EXERCISE AIM: Your copy must hold every line of the records word for word. It must hold no pictures.

Stored data entries:

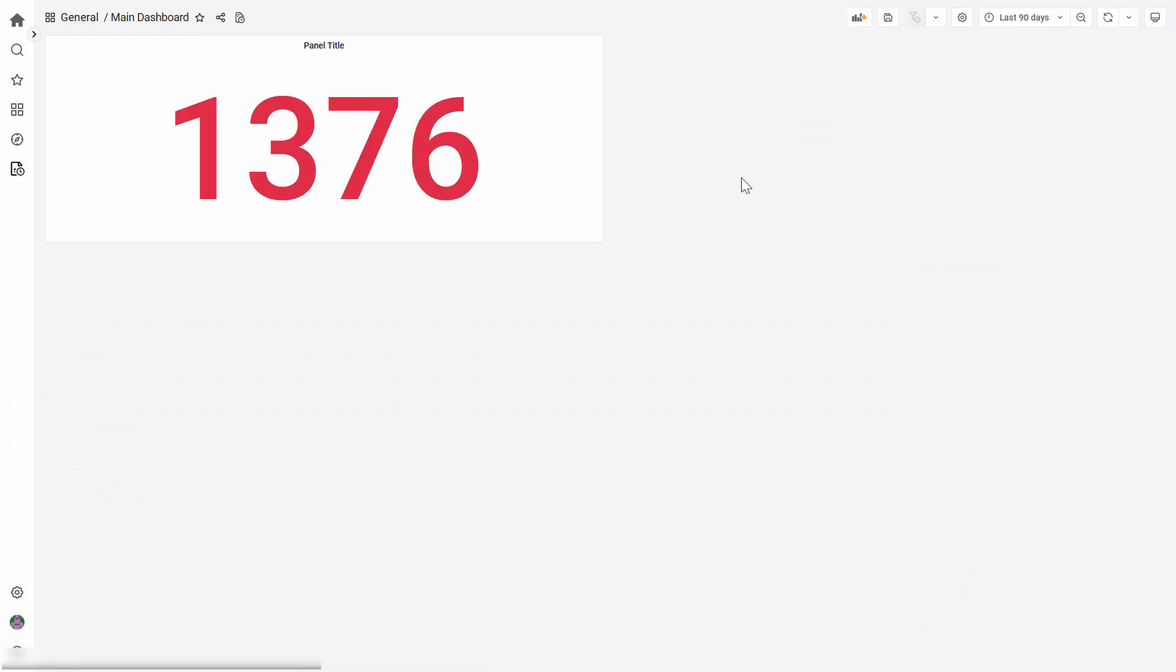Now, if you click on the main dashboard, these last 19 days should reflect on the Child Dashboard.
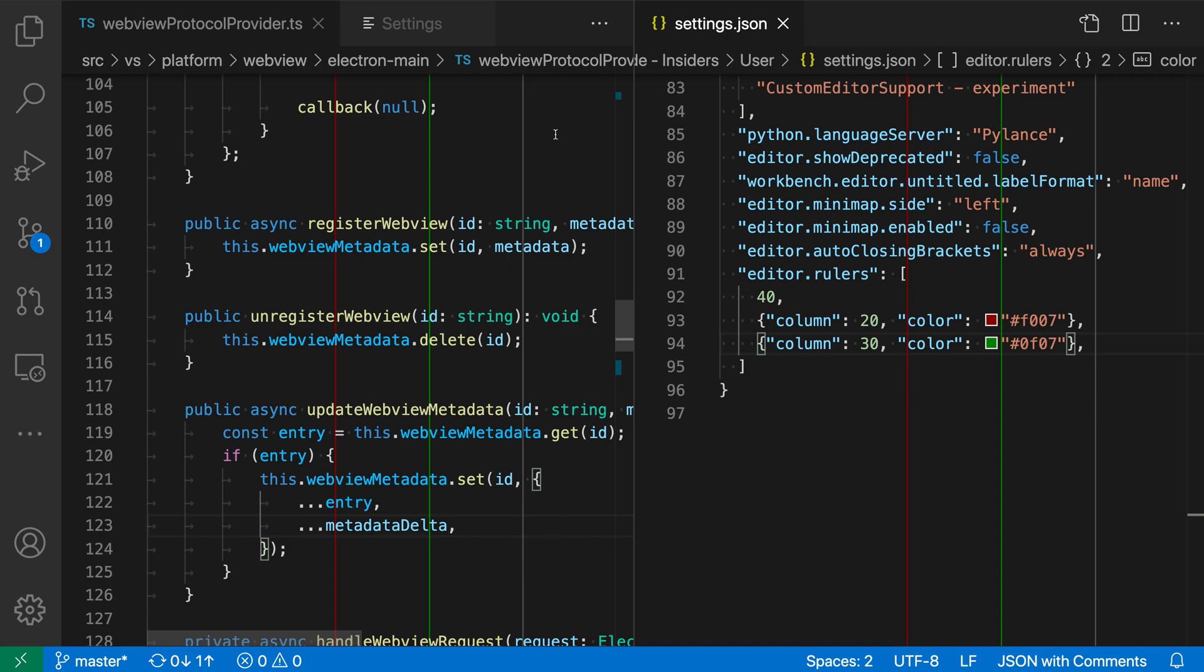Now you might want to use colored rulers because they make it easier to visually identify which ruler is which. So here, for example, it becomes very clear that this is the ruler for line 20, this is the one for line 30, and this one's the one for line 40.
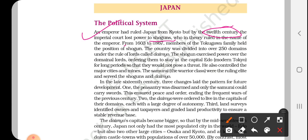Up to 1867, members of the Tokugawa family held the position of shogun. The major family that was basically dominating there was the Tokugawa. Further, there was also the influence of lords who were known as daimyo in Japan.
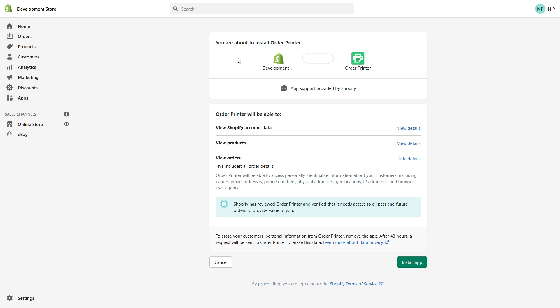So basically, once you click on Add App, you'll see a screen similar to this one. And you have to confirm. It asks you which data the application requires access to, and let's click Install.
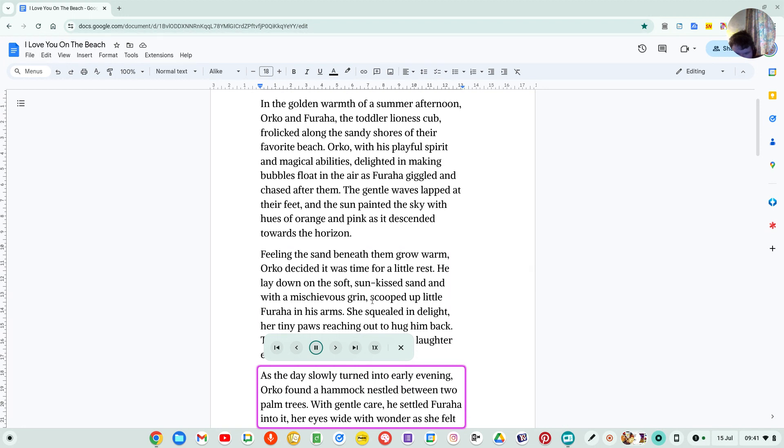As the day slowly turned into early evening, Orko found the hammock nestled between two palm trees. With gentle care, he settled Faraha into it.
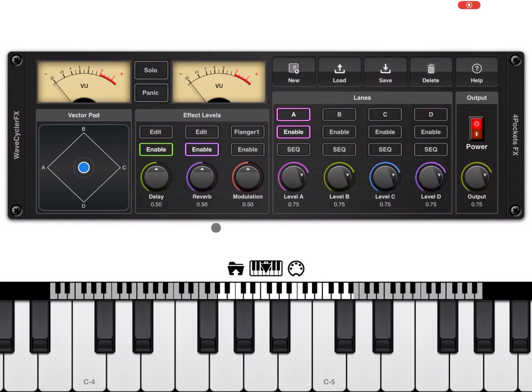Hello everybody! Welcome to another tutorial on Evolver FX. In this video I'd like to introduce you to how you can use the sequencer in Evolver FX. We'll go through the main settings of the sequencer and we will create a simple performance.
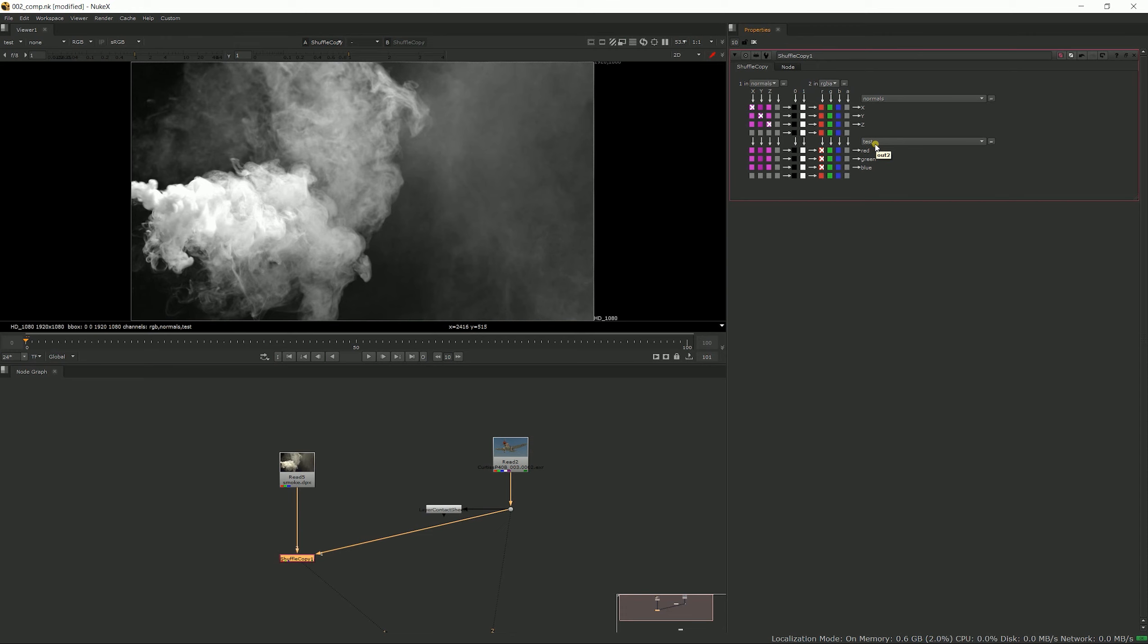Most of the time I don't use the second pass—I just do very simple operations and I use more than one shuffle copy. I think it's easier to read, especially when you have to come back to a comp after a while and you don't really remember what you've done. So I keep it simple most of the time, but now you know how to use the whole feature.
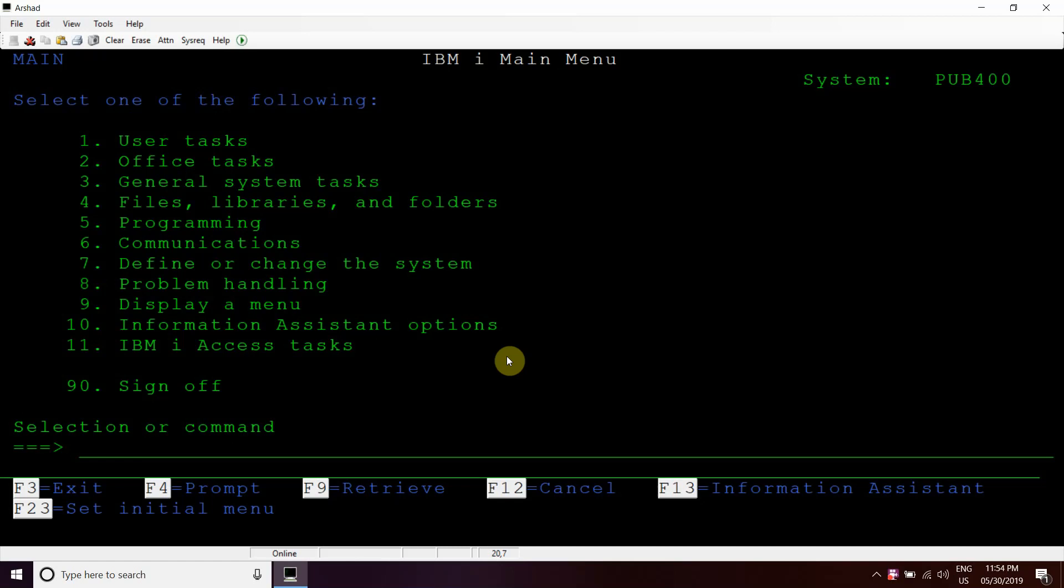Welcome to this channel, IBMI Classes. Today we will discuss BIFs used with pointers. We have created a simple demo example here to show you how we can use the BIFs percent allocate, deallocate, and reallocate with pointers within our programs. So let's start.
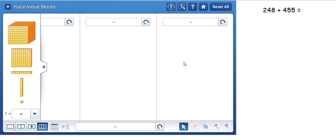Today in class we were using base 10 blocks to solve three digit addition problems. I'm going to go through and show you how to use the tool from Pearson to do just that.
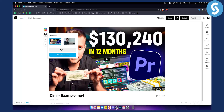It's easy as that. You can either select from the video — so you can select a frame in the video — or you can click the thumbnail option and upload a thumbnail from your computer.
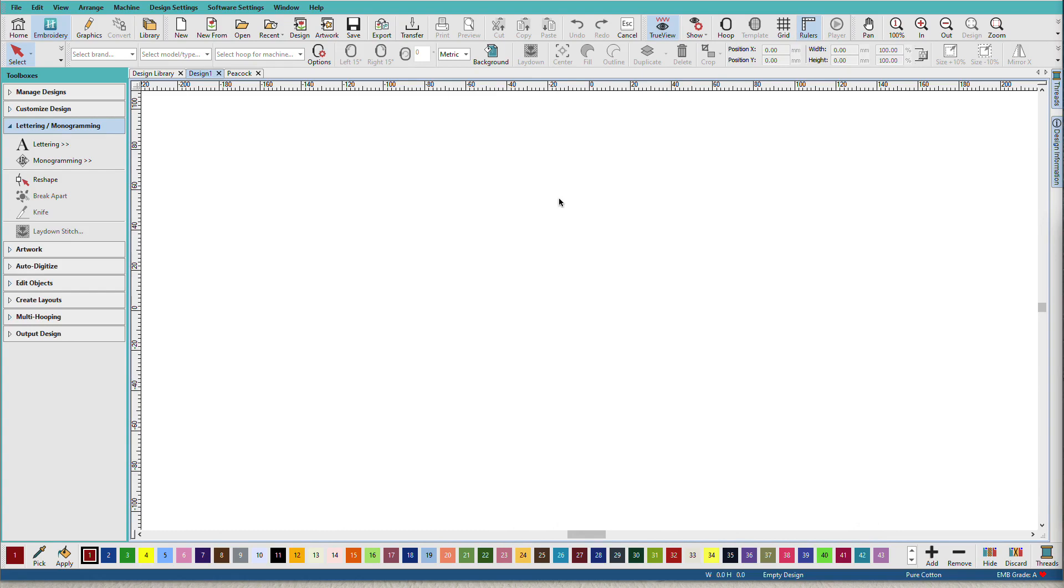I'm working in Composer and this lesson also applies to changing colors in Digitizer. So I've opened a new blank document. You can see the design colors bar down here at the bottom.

RESULT OF THIS EXERCISE:
Now, if you click on the main dashboard, these last 19 days should reflect on the Child Dashboard.
Now you might want to use colored rulers because they make it easier to visually identify which ruler is which. So here, for example, it becomes very clear that this is the ruler for line 20, this is the one for line 30, and this one's the one for line 40.
Up to 1867, members of the Tokugawa family held the position of shogun. The major family that was basically dominating there was the Tokugawa. Further, there was also the influence of lords who were known as daimyo in Japan.
So basically, once you click on Add App, you'll see a screen similar to this one. And you have to confirm. It asks you which data the application requires access to, and let's click Install.
As the day slowly turned into early evening, Orko found the hammock nestled between two palm trees. With gentle care, he settled Faraha into it.
Hello everybody! Welcome to another tutorial on Evolver FX. In this video I'd like to introduce you to how you can use the sequencer in Evolver FX. We'll go through the main settings of the sequencer and we will create a simple performance.
Most of the time I don't use the second pass—I just do very simple operations and I use more than one shuffle copy. I think it's easier to read, especially when you have to come back to a comp after a while and you don't really remember what you've done. So I keep it simple most of the time, but now you know how to use the whole feature.
Welcome to this channel, IBMI Classes. Today we will discuss BIFs used with pointers. We have created a simple demo example here to show you how we can use the BIFs percent allocate, deallocate, and reallocate with pointers within our programs. So let's start.
Today in class we were using base 10 blocks to solve three digit addition problems. I'm going to go through and show you how to use the tool from Pearson to do just that.
It's easy as that. You can either select from the video — so you can select a frame in the video — or you can click the thumbnail option and upload a thumbnail from your computer.
I'm working in Composer and this lesson also applies to changing colors in Digitizer. So I've opened a new blank document. You can see the design colors bar down here at the bottom.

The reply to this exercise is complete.